The Perfect Face for Social Media
Social media has been described as giving organizations the opportunity to "personalize" their brands, products, or services. When many brands first joined Twitter, they hid behind a corporate logo with no human face on the account. Although this protected them, it also created a barrier. How can you interact with a logo? For some types of accounts, this was a shrewd move—or at least a necessary one. For example, Dell's Twitter account tweets are primarily a stream of offers from its outlet store. Putting a face to this would have been unnecessary because the account isn't attempting to interact. Instead, it is there simply to stream information to those who are interested. By not humanizing the account, the company avoided the complications of the account being swamped with questions. However, the account does receive many inquiries, not all of which are associated with the outlet store.
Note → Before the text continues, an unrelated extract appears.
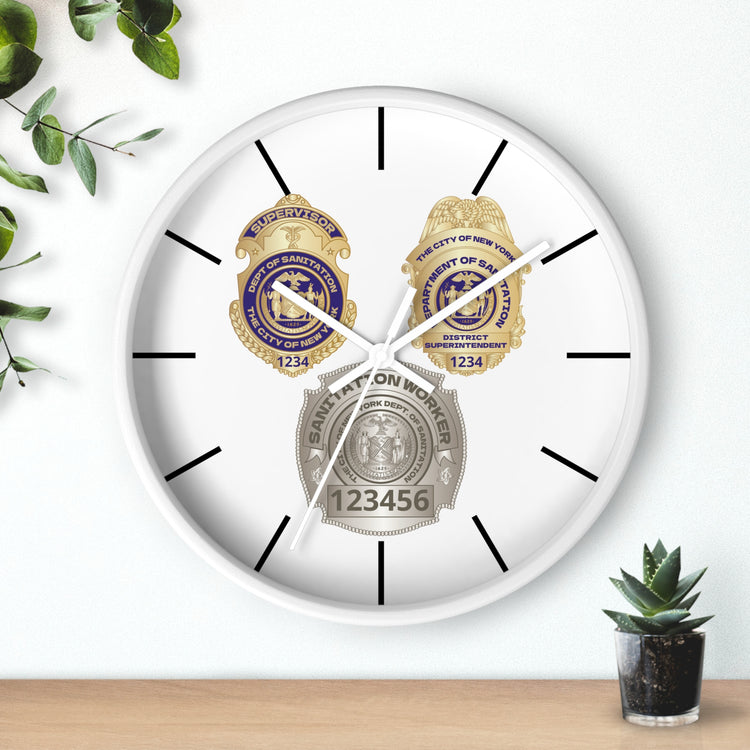 DSNY Personalized Wall Clock for Superintendent, Supervisor, and Sanitation Worker - White
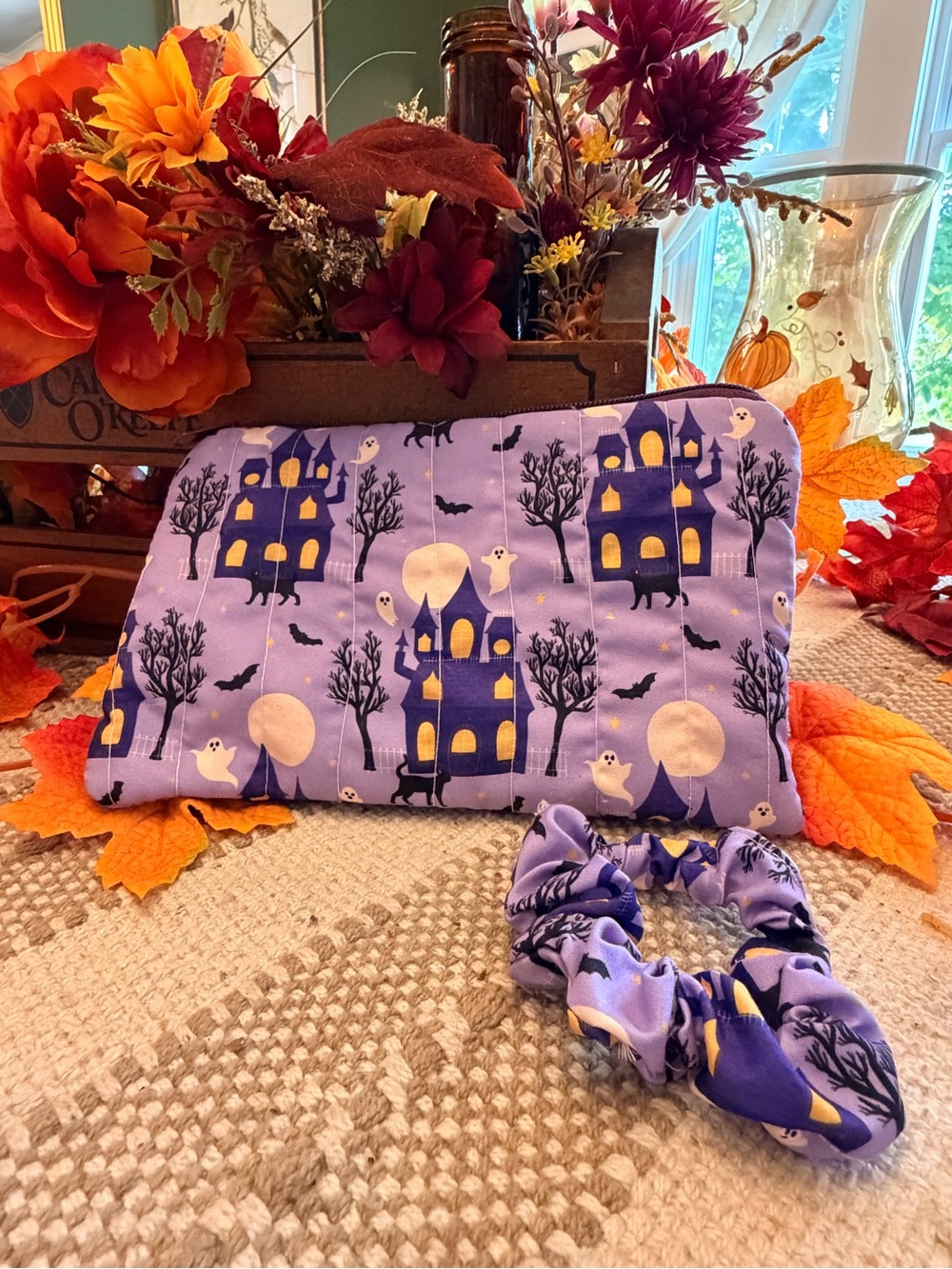 Halloween Purple Haunted House Pouch with Scrunchie - Unbranded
But the number of inquiries not associated with the outlet store is less than Dell would receive if the account had a face.
In contrast, many brands that are considered to be successful in their use of social media have a high-profile spokesperson who is the face of that brand's social media. Some have achieved almost celebrity status from this level of exposure, and not without cause. Some company members are celebrated for their innovative use of social media and for being extremely approachable, choosing not to hide behind their corporate logos. These people agree to face the public for the good and the bad that it brings.
So how do all these elements come together in a cohesive social media plan? The key to a successful social media plan—as with any planning in business—is to know the objectives first. Understand what it is that you are hoping to achieve, what the organization is going to do with social media, and then form a plan around that goal or set of goals. To the extent possible, the goals should be very well defined. The clearer they are, the easier it becomes to define the plan that will lead to achieving those goals. Clearly defined plans also make for clearer metrics. Yes, metrics exist in social media just as they do in any other business activity. Not only is it possible to measure elements of a social media program, but they most definitely should be measured.
It is also essential to ensure that the organization has assessed its own capabilities to actually carry out the plan. A plan that requires more resources than are actually available is never going to work.